1. An angle of measure $\theta$ is constructible;
2. $\sin \theta$ is a constructible number;
3. $\cos \theta$ is a constructible number.

Proof. First of all, due to periodicity, we can restrict our attention to the interval $0 \le \theta <2\pi$ . Even better, we can further restrict our attention to the interval $0 \le \theta \le \frac{\pi}{2}$ for the following reasons:

1. If an angle whose measure is $\theta$ is constructible, then so are angles whose measures are $\pi-\theta$ , $\pi+\theta$ , and $2\pi-\theta$ ;
2. If $x$ is a constructible number, then so is $|x|$ .

If $\theta \in \{0, \frac{\pi}{2} \}$ , then clearly an angle of measure $\theta$ is constructible, and $\{\sin \theta, \cos \theta \}=\{0,1\}$ . Thus, equivalence has been established in the case that $\theta \in \{0,\frac{\pi}{2}\}$ . Therefore, we can restrict our attention even further to the interval $0<\theta<\frac{\pi}{2}$ .

Assume that an angle of measure $\theta$ is constructible.

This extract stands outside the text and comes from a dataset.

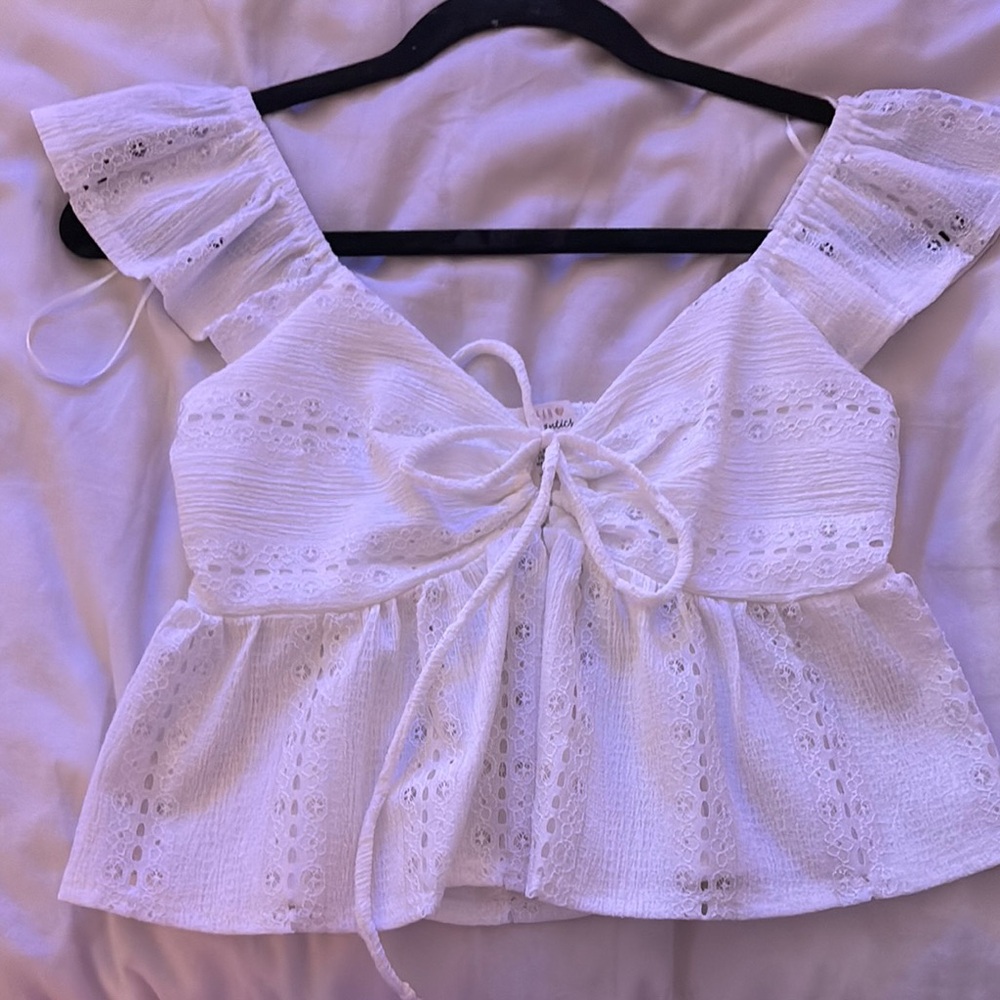 URBAN Romantics White Flutter Sleeve Peplum Blouse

Construct such an angle and mark off a line segment of length $1$ from the vertex of the angle. Label the endpoint that is not the vertex of the angle as $A$ .

Drop the perpendicular from $A$ to the other ray of the angle. Since the legs of the triangle are of lengths $\sin \theta$ and $\cos \theta$ , both of these are constructible numbers.

Now assume that $\sin \theta$ is a constructible number. At one endpoint of a line segment of length $\sin \theta$ , erect the perpendicular to the line segment.

From the other endpoint of the given line segment, draw an arc of a circle with radius $1$ so that it intersects the erected perpendicular. Label this point of intersection as $A$ . Connect $A$ to the endpoint of the line segment which was used to draw the arc. Then an angle of measure $\theta$ and a line segment of length $\cos \theta$ have been constructed.

A similar procedure can be used given that $\cos \theta$ is a constructible number to prove the other two statements.